- Kategori
- Çevre Bilinci
Medeniyet ölçülerimiz ve doğaya saygı
Bizim doğal yaşama saygımız ve de medeniyet ölçütlerimiz ne durumda acaba? Geçen hafta ULUDAĞ'daydık. Yol boyunca gözlerime takılan manzaralar içinde, ağaç diplerinde yer alan kıyılardaki rezaleti görmemezlikten gelmek imkansızdı.
Doğanın tüm cevherleriyle karşımıza çıkan değerlerini, yozlaşmış bir bakışla kirletiyoruz, eksiltiyoruz ve hatta yok ediyoruz.

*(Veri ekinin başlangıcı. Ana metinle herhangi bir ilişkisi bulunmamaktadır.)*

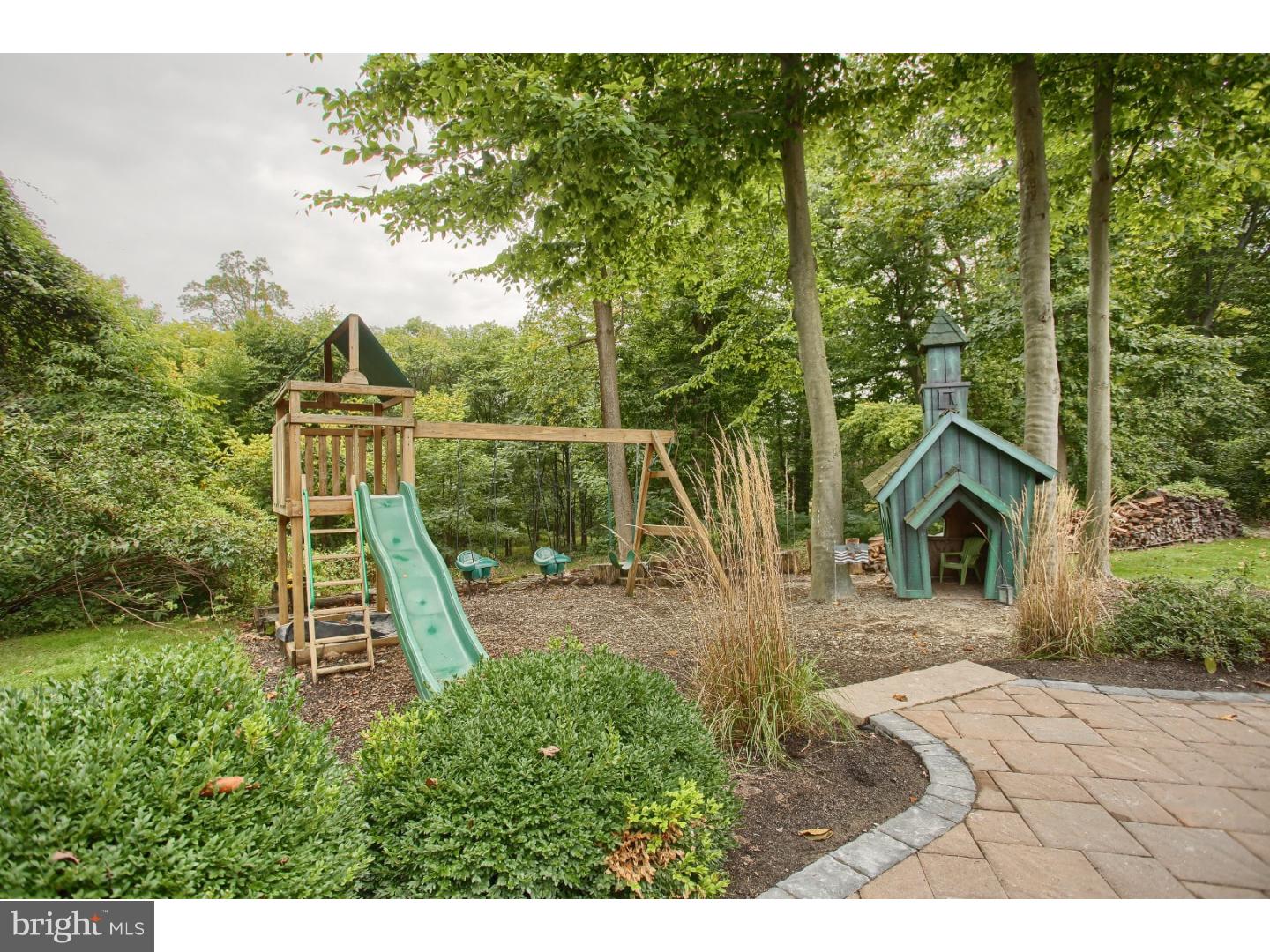 23 Joseph's Way Reading, PA 19607 - Photo 23 of 25 Back Yard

Bu doğa mozaiklerini en tabi hakkımız gibi talan ederken, o güzellikleri kendimizden sonraki nesillere bırakacağımız emanetler olarak kabullenebilseydik eğer bu kadar rahat davranamazdık bu savurganlıkta...
NEDEN?
Neden piknik artıklarımızı bir poşette muhafaza ederek, ORMAN MÜDÜRLÜĞÜNÜN insaniyet namına yerleştirdiği o çöp golonlarına atmamaktayız?
Neden her boş bulduğumuz derinliğe moloz, inşaat artığı ve çöplerimizi savururuz?
Neden bira şişelerini kırarak oraya buraya atarız?
Neden inşaat alanı açmak için ısmarlama yangınlar yaratırız?
Neden ormanda yaşayan hayvanların yuvalarına ve ekolojik dengeye ihanet ederiz?
Kendi evimize olan özenimizi neden doğaya ve o güzelim kuş cıvıltılarına mekan olan o ormanlarımıza gösteremeyiz?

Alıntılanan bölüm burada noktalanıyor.